Brian Austin Green: That Thomas has seen an evolution in us? I don’t know, I think Thomas is giving me too much credit in what he has seen so far. I don’t know. I think that this has been fun. I love working with Thomas, and I loved working with him on ‘The Sarah Connor Chronicles’. I sort of feel that this has been the exact opposite of what we did before so it’s exciting and new, to go from a show where we were family and I’m taking care of him and I would kill anyone to protect him, to then be this guy, you know, with knives and a mask, trying to kill him throughout the film. It’s a much different experience that he’s had with me than what he had before.
Question: We were lucky enough to see the clip of you getting tattooed, which was really just Nick Principe’s back for the realism (writer’s note: a scene features a shot of Green’s character being tattooed with the ChromeSkull logo, where in reality the clip used actual footage of Principe being tattooed with a logo of the same). Can you talk a bit about that scene where you are being very solitary? Is that a turning point for your character?
Brian Austin Green: It’s the point where in his mind ChromeSkull is done and is never going to function in the capacity that he did before, and the difference between Preston in the original is that Preston is sort of like a spoiled twelve-year-old. There’s a lot of money within this company, and he has the ability to sort of boss people around and do what he wants to do, but this is first sense of the real importance of power, and being able to step into the big boy’s shoes and to do what dad does, and he gets greedy with that, and pushes more and more people within the company away and ends up dying for it.
Question: Your rather bloody scene is today. Are you looking forward to that?
Brian Austin Green: I’m actually looking forward to see just how they do it. It’s exciting for me to be on a set like this because you can’t believe just how they pull off some of the stuff they do, and I’m so impressed with Rob and the company and what they’ve done here, and what they’ve done so far. The gags that I’ve seen, and the ones I saw in the first one, were just really well done, so for me that’s the most exciting part, to see just how it all comes together. ‘Sarah Connor’ was one of the first things that I ever really watched that I ever did where I was excited to see how all of the things, things that don’t exist, come together. You are like any other fan. You are excited to see what it looks like, and what you thought it would look like on set, and how they gel. You hope that in dying brutally in a scene that it meshes and that it all happens.
Questions: Knowing Rob as a horror and FX guy as well as a meticulous director, can you talk about the juxtaposition of the two?

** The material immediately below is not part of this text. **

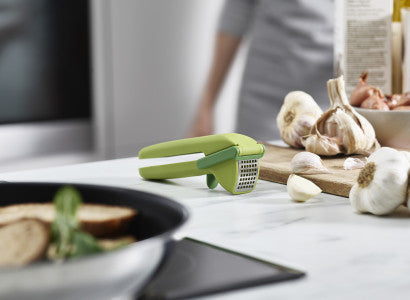 Joseph Joseph Cleanforce Garlic Press image 5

Brian Austin Green: He’s great. I was thinking about that the other day. It has to be difficult for someone in his position who normally would be sitting here doing what they (the effects artists) are doing, to leave it in the hands of everyone else and just be on set as a director and hope that what everyone else has done works the way he knows it can work. But he’s so thorough on set. He knows exactly what he wants and is really helpful. He’s been an amazing director. I had no idea what to expect showing up. I’d never worked with him in that capacity before. He didn’t even do much makeup on me when we were doing ‘Sarah Connor’ so I didn’t spend much time with him in that way, but he’s really good, and I think he’s getting what he wants. I hope I’m giving him what he wants. I hope I’m not disappointing him. I think that’s the biggest fear for me is that he puts me in his movie, and I hope that it ends up being what he wanted, and that he’s not watching it saying, ‘I should have hired someone else instead of a friend.’ That’s always the biggest fear.